260 C 1 Brazilian Journal of Medical and Biological Research

1.2 Metabólitos primários e secundários obtidos dos liquens

1.2.1 Metabólitos secundários dos liquens

Mesmo estando incluídos no Reino Fungi, os liquens são organismos únicos, pois apresentam características peculiares; entre elas a produção de substâncias exclusivas da classe, que são derivados fenólicos correspondentes a quatro estruturas distintas, bem diferenciadas quimicamente conhecidas como depsideos, depsidonas, dibenzofuranos, ácidos úsnicos e ainda o ácido picroliquênico de Pertusaria amara, que é uma depsona. Estes compostos são denominados genericamente de substâncias liquênicas ou ácidos liquênicos (Figura 12) (HONDA; VILEGAS, 1998; HOWELL; NEWTON; WILLIAMS-WYNN, 2003; EISENREICH; KNISPEL; BECK, 2011).

As substâncias liquênicas são formadas por unidades fenólicas, que se originam a partir dos ácidos carboxílicos policetônicos derivados do ácido acético. Estes ácidos de cadeia aberta ciclizam de formas distintas para dar origem às unidades fenólicas básicas, geralmente associadas através de ligações do tipo éster no caso dos depsídeos e éster e éter para as depsidonas (CORDOBA, 1975). Devido aos seus grupamentos fenólicos as substancias liquenicas tem a habilidade de eliminar os radicais livres, a exemplo, da esferoforina e a panarina que inibem a formação do ânion superóxido in vitro. O primeiro tipo de ciclização segue o modelo do ácido orselínico, que é a base estrutural dos depsídeos, depsidonas, dibenzufuranos e, o segundo tipo que segue o modelo do floroglucinol, constituinte do ácido úsnico. Porém, nem todas as espécies de liquens apresentam derivados fenólicos. Em muitas

espécies cujo fotobionte é uma cianobactéria, não há produção desses derivados (GALUN; SHOMER – LLAN, 1988).

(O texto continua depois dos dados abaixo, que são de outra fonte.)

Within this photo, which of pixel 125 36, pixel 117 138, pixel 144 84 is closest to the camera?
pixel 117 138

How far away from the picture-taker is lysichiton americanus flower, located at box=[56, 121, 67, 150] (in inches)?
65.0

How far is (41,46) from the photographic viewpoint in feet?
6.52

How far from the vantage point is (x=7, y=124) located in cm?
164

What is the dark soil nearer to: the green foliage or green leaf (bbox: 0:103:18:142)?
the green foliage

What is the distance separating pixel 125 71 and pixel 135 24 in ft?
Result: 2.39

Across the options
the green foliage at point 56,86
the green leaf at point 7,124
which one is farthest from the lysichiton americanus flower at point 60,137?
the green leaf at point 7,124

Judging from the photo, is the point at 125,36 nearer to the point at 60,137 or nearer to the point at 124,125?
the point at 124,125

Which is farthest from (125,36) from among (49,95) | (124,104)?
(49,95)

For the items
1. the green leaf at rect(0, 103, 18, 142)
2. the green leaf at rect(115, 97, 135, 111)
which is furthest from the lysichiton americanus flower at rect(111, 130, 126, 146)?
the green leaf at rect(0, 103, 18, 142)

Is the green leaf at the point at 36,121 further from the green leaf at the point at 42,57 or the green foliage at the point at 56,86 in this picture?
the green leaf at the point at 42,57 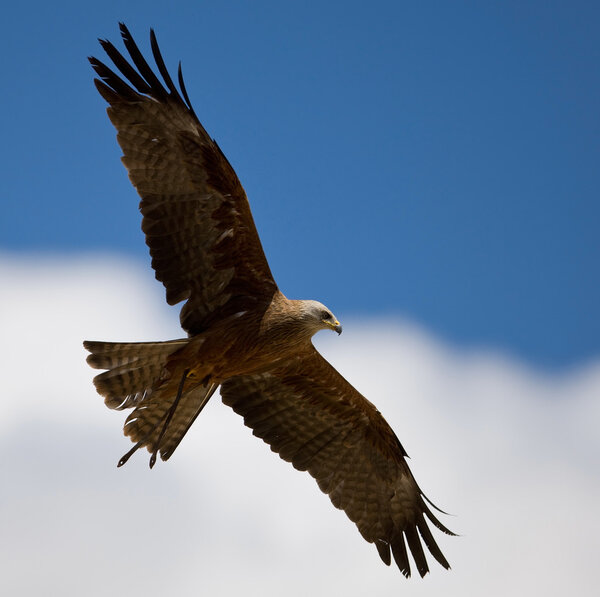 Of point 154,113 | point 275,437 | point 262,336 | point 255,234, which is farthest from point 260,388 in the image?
point 154,113

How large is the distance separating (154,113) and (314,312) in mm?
2277

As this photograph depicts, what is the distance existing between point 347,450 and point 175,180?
3.73 m

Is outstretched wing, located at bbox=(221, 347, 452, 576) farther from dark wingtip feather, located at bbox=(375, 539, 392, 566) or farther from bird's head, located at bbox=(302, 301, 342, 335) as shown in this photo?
bird's head, located at bbox=(302, 301, 342, 335)

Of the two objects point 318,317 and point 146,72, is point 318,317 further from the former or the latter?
point 146,72

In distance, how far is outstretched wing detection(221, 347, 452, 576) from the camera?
10.4 meters

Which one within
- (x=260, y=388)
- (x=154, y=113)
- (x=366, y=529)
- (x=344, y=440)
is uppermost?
(x=154, y=113)

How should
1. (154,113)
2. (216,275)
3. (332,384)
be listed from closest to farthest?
(154,113) → (216,275) → (332,384)

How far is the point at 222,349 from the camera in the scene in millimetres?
9070

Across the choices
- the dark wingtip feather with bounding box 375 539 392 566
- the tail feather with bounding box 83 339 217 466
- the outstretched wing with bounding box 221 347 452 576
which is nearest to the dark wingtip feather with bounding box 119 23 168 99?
the tail feather with bounding box 83 339 217 466

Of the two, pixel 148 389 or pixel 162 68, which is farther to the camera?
pixel 148 389

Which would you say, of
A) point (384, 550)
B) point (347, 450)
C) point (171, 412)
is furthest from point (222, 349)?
point (384, 550)

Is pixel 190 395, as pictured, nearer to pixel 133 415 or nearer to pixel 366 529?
pixel 133 415

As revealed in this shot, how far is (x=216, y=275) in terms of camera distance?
9133 mm

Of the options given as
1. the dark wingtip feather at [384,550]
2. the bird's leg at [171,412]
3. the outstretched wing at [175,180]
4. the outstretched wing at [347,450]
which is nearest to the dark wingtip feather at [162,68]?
the outstretched wing at [175,180] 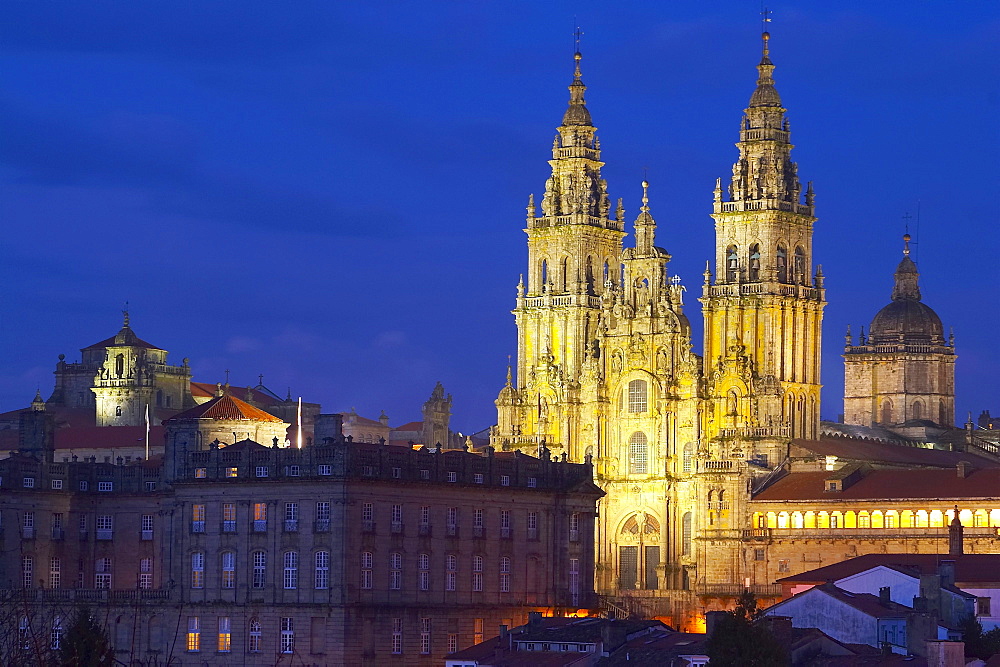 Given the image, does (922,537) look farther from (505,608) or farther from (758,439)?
(505,608)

Principais classes químicas dos fenóis liquênicos

Ácido nefrosterínico

Substâncias fenólicas Dibenzofurano e ácido úsnico

Depsidonas (policetídios) Depsonas (policetídios)

Lactonas Quinonas

Ácido vulpínico Ácido rizocárpico Calicina

Ácido protoliquesterínico Parietina

Panarina Ácido virensico Ácido picroliquênico

Hemoventosina

Ácido subpicroliquênico

Ácido barbático Atranorina Ácido evérnico

β-orcinol Ácido úsnico Ácido didímico

Derivados do ácido pulvínico Depsídeos (policetídios) Ácido orselínico

Figura 12 - Estruturas típicas dos metabólitos liquênicos

Em 1831, Bebert deu inicio as pesquisas com as substancias liquênicas provenientes do seu metabolismo secundário, seguido de Alms em 1832 e Knop em 1944, que isolaram os ácidos vulpínico, picroliquênico e úsnico, respectivamente de diferentes espécies de liquens. A primeira revisão sobre o assunto surgiu com Gmelin em 1858. No entanto, o marco inicial da liquenologia aconteceu em 1907 quando o botânico Friedrich Wilhelm Zopf publicou uma das mais importantes obras na área da liquenologia, o livro Die Flechtenstoff in chemuscher,

botanischer, pharmakologischer und technischer Beziehung, no qual descreve fórmulas

empíricas, propriedades e a ocorrência de 150 compostos (HUNECK; YOSHIMURA, 1996). Na década de 1930, o químico japonês Asahina identificou diversas substâncias de liquens. Em 1954, Asahina e Shibata, publicaram outro clássico da liquenologia, o livro Chemistry of

Lichen Substances, que compila seus trabalhos e apresentam as estruturas elucidadas de vários

compostos, suas sínteses, métodos de isolamento e purificação bem como, algumas propriedades físicas destas substâncias.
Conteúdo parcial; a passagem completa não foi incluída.